Dir zuzuhören ist ein Genuß. Eine ständige Überraschung. Ich versuche nur dein Sprüdeln immer mal wieder zu bändigen, nicht weil es mir überflüssig vorkommt oder sich falsch anhört. Ich möchte es verlangsamen, aufnehmen, genießen, nichts verpassen. Ich lerne von Dir. Meine Vorstellung von „Lernen“ ähnelt deiner mit dem „Spiegeln“, glaube ich. Es ist eine Begegnung. Ein sich nicht-aneinandervorbei bewegen.
Wir sind im Dialog. Ein Dialog ist ein Thema, dass alle Themen in sich sammeln kann. Einen Raum und einen Rahmen bieten. Orientierung.
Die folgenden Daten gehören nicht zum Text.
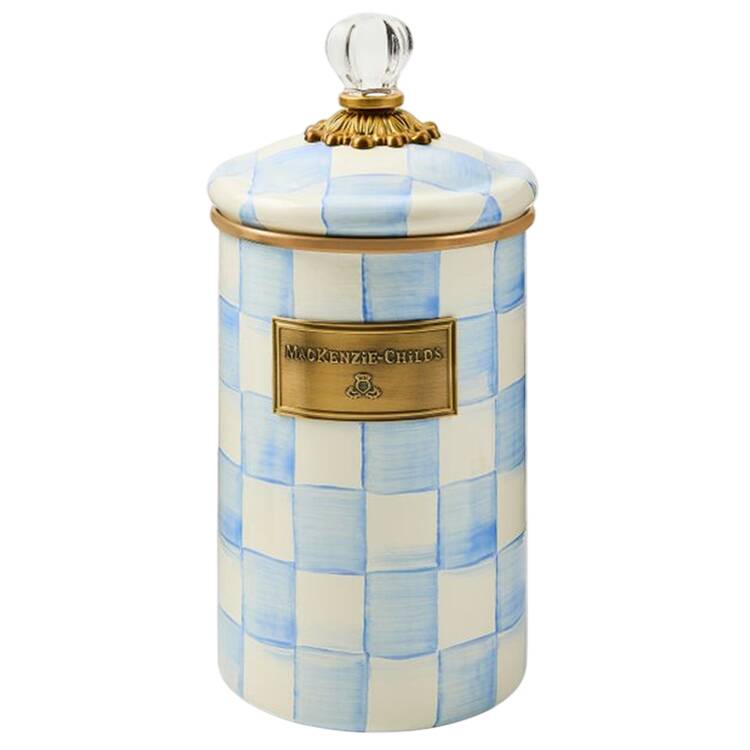 Sky Check (Enamelware) Large Canister & Lid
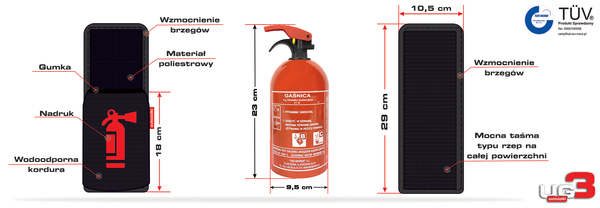 Gaśnica samochodowa + pokrowiec na rzep UG3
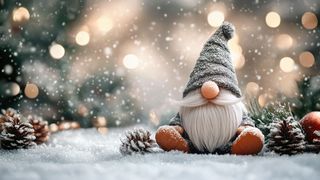 Weihnachtszeit Weihnachtswichtel sitzt im Schnee mit Tannendeko ringsherum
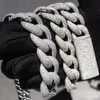 2022 Populär krossad isad 20 mm VVS Moissanite Diamond Sier Miami Cuban Link Chain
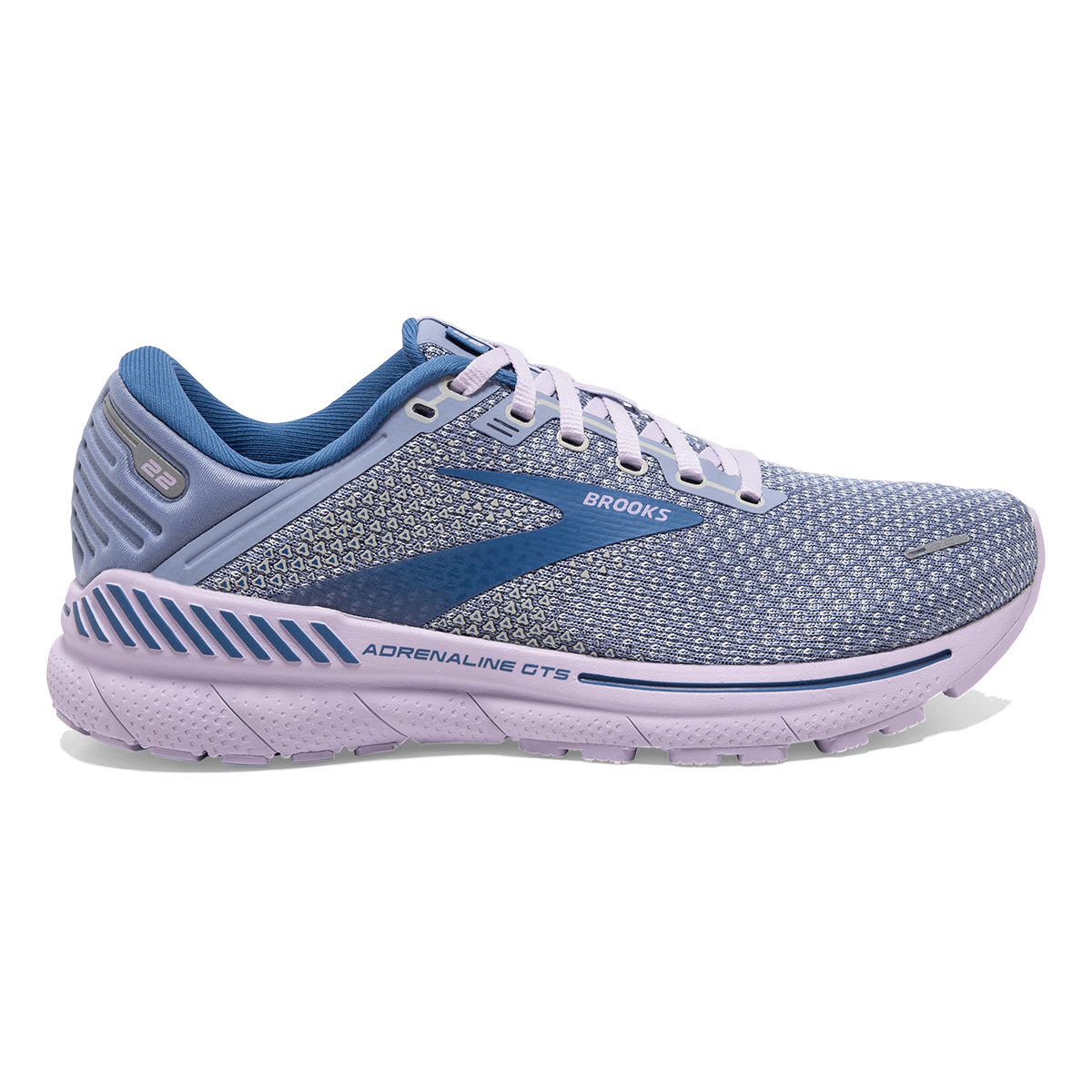 Brooks Adrenaline GTS 22 Regional — Peacoat - Cobalt - Mauve — Size B — Width 10 — Front View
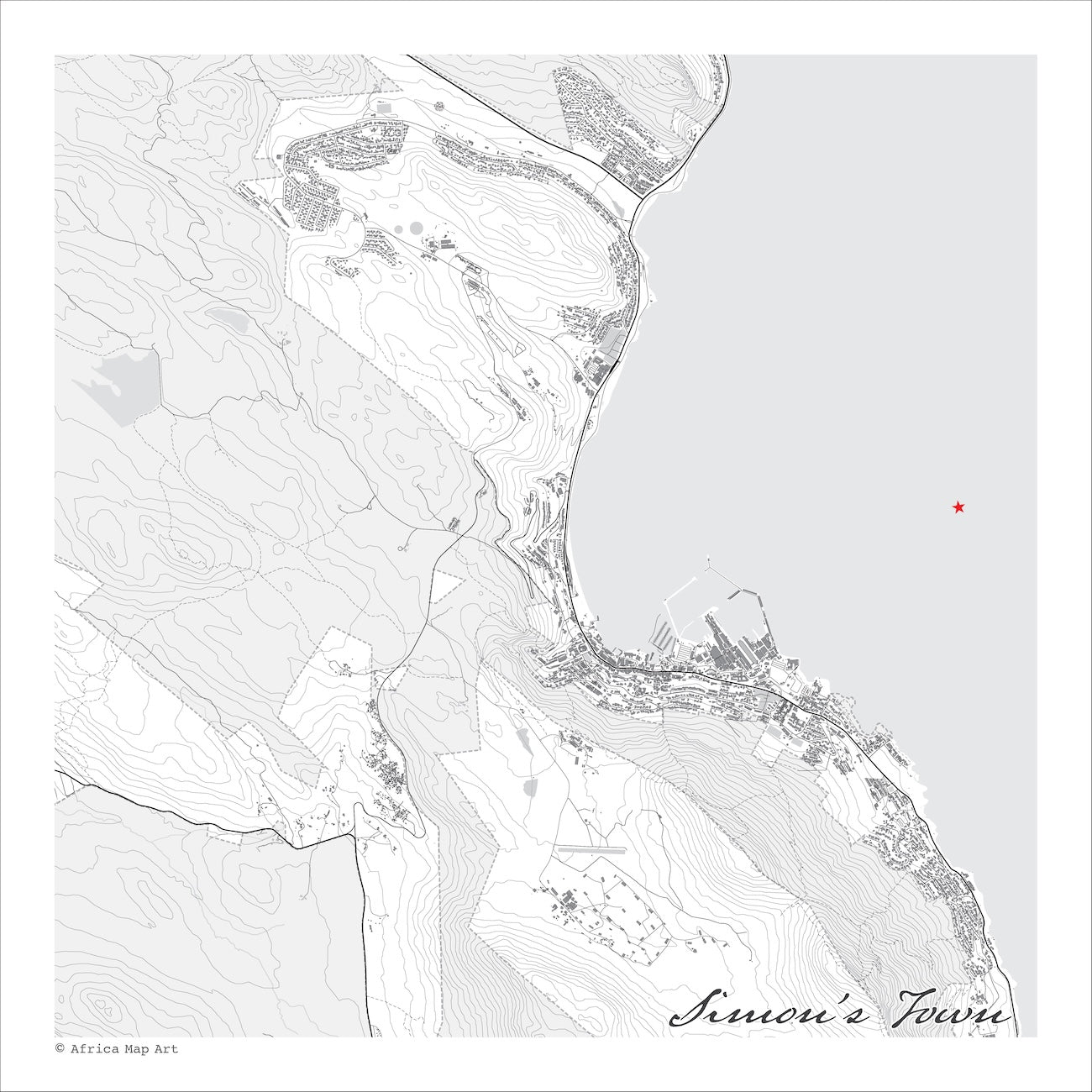 Simon's Town 1 map print in the minimalist Mono style, also covering Glencairn, the harbour and Boulders Beach, with fine black street lines and contoured mountain slopes on a white background with grey sea.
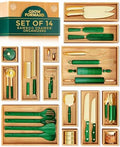 Grow Forward Bamboo Drawer Organizer Boxes - Set of 14 Wooden Drawer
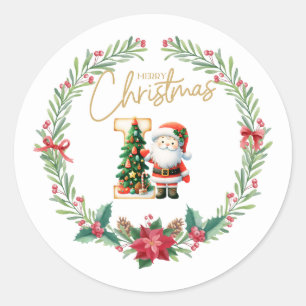 Monogram letter I, Christmas Wreath w/ Santa Claus Classic Round Sticker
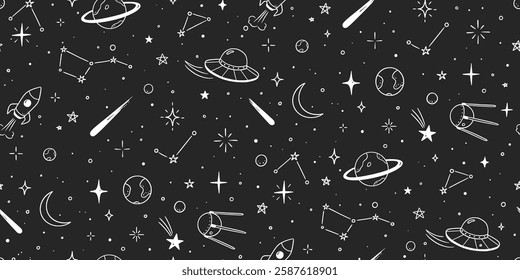 Space star vector seamless pattern. Hand drawn doodle sketch line style galaxy planet star, rocket, moon cute kid seamless pattern. Space planet kid doodle background. Vector illustration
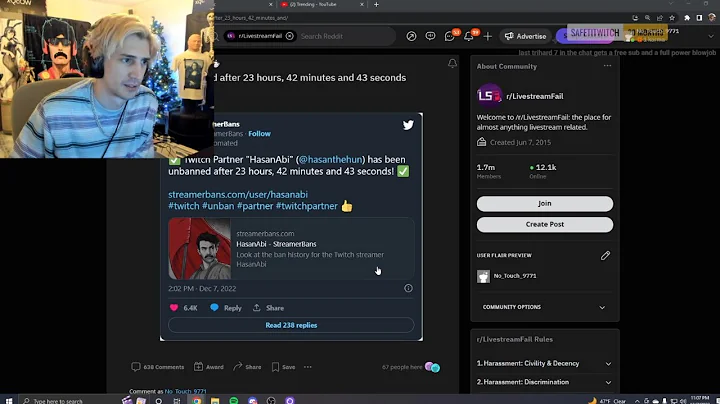 xQc reacts to HasanAbi getting unbanned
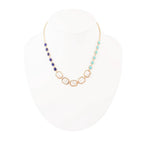 Dual Color Blue Lapis Turquoise and White Mother of Pearl Golden Necklace by Barse Jewelry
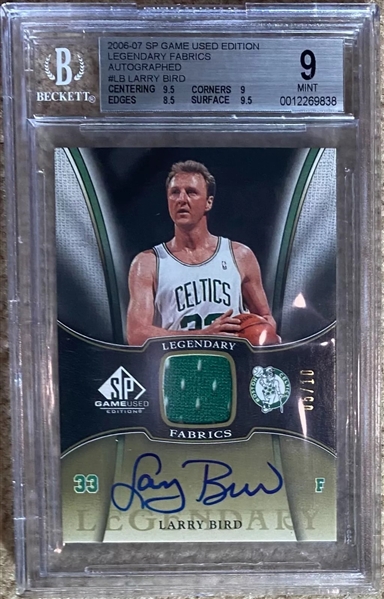 2006 SP Game Used Legendary Fabrics Autographed #LB Larry Bird /10 - BGS MINT 9 (Beckett/BAS Encapsulated)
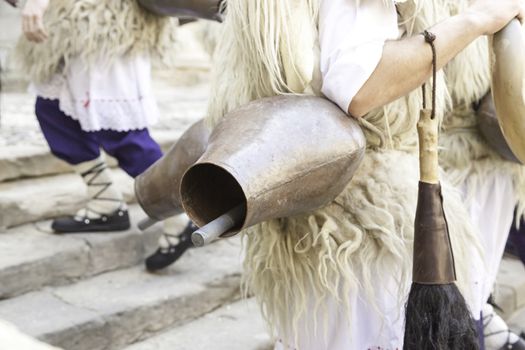 Costumes devil in Spain, detail of an old tradition in the Basque Country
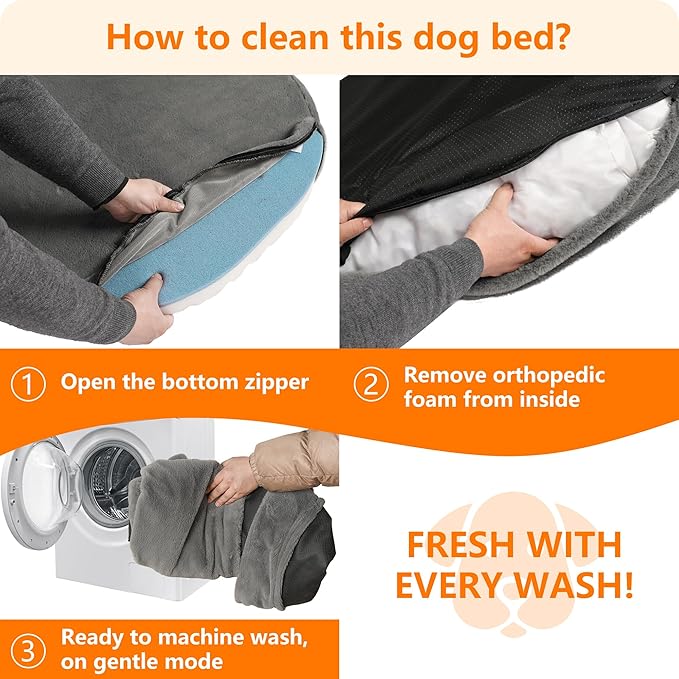 Human Dog Bed with Blanket, 71"x47.2"x9" Extra Large Fits Adult & Pets, Reversible Orthopedic Gel Memory Foam Cushion, Washable Faux Rabbit Fur, Plump Edge, Storage Pocket, Cement Grey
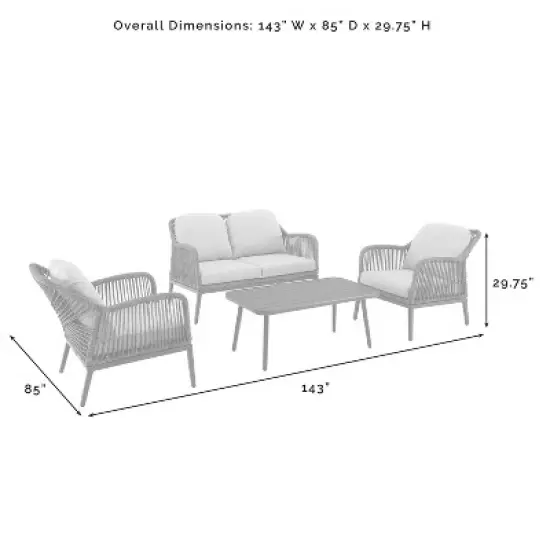 Haven 4pc Outdoor Wicker Conversation Set - Light Gray - Crosley image {14}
Eine Landschaft, wo wir unsere Themen einbetten können. So wie eine riesen Märklin Eisenbahn. Oder wie diese Krippenspiele in Italien, die über mehrere Räume sich erstrecken. Mit Hügeln und Bächern und Menschen und Schafen und Sternenhimmel und Licheter und und und. Oder eine Szenografie für ein Theaterstück. Wir bewegen und darin und schauen es gemeinsan vom Außen. Ich bin gespannt, etwas über das dritte Ohr zu lesen. Für mich ist es ein drittes Auge immer mehr nötig. Ich brauche es, um Abstand zu gewinnen, mich dem Sog zu entziehen, mich wieder zu begegnen. Lass uns Peripatetikerinnen werden.
Gestern abend habe ich prompt bei meinen Nussfreunden gegessen.
Begehren und Carolin Emcke. Das passt zusammen.
M.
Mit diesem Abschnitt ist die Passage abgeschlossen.